To assess whether it is possible to reduce the burden of completing the full Hospital Anxiety and Depression Scale (HADS) by identifying patients at risk for elevated HADS ≥11 using fewer questions.
Retrospective cohort study followed by prospective validation.
A large Dutch hospital with orthopaedic patients.
13 345 orthopaedic patients with a median age of 53 years (IQR: 37–65) for the retrospective cohort; 100 patients for prospective validation.
Incidence of HADS scores ≥11 and performance of a simplified screening model for elevated HADS.
The full HADS questionnaire consists of 14 items (7 each for anxiety and depression). Logistic regression models were developed retrospectively to predict HADS ≥11 using one or two questions.
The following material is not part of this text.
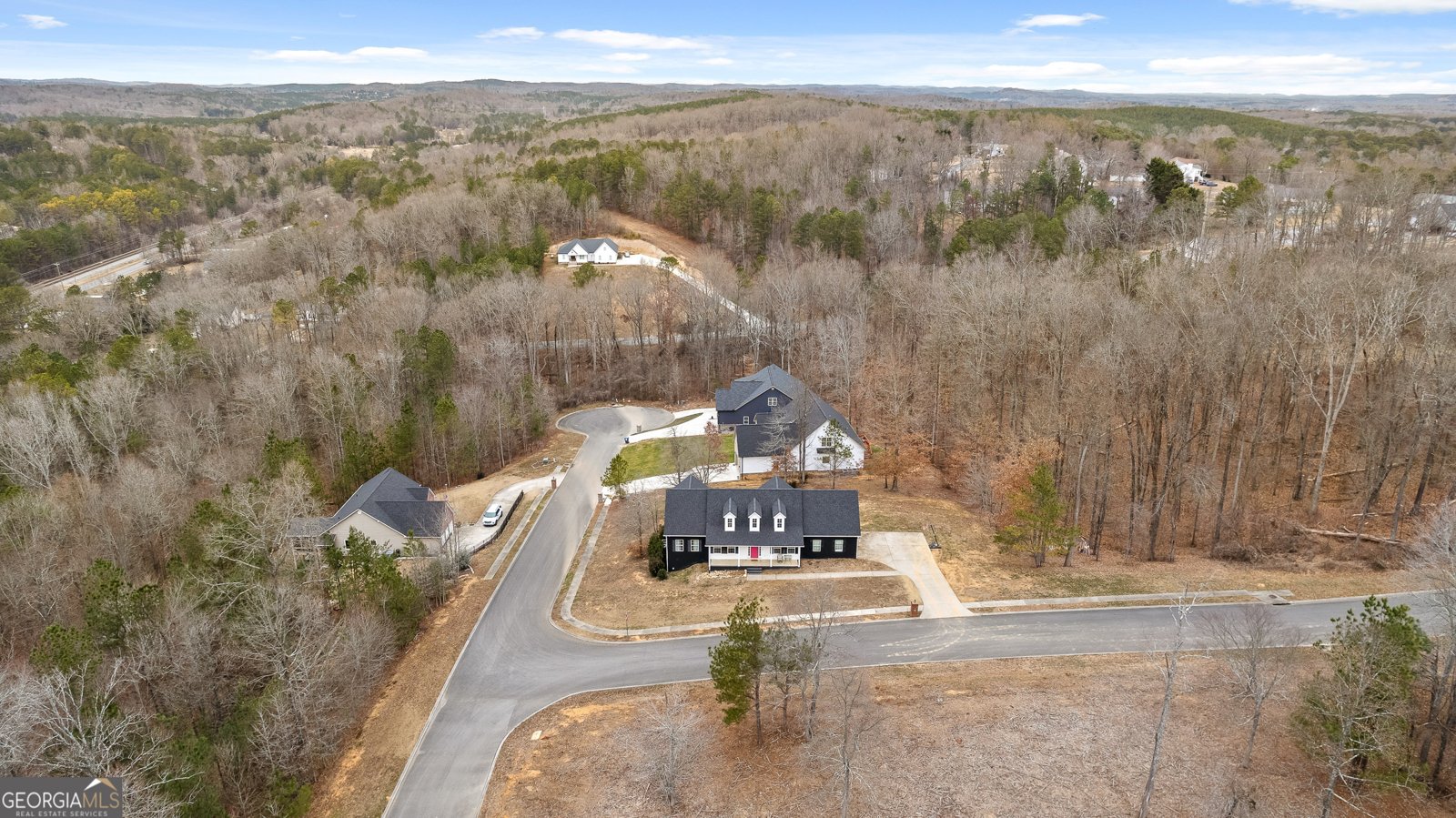 1040 Ridge Drive Dalton - 40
Models were evaluated based on sensitivity (>90%), negative predictive value (NPV >90%) and reduction of the response burden (>50%). The most effective model was validated prospectively in 100 patients.
The retrospective cohort included 13 345 patients, with 20% (n=2671) having a HADS score ≥11. The final model, using questions 4 (‘I can laugh and see the funny side of things’) and 5 (‘Worrying thoughts go through my mind’), achieved an area under the curve of 0.934, sensitivity of 95%, NPV of 98% and reduced the questionnaire burden by 57%. Prospective validation confirmed high sensitivity (94%) and NPV (98%) for identifying patients at risk of elevated HADS scores.
In a large Dutch hospital, 20% of orthopaedic patients exhibited elevated HADS scores (≥11). Screening for elevated HADS using only two questions was highly effective, with significant reductions in patient burden. Patients who screen positive should complete the full HADS for accurate diagnosis and management. This approach could reduce the need for full HADS completion in over half of the patients, without sacrificing screening accuracy.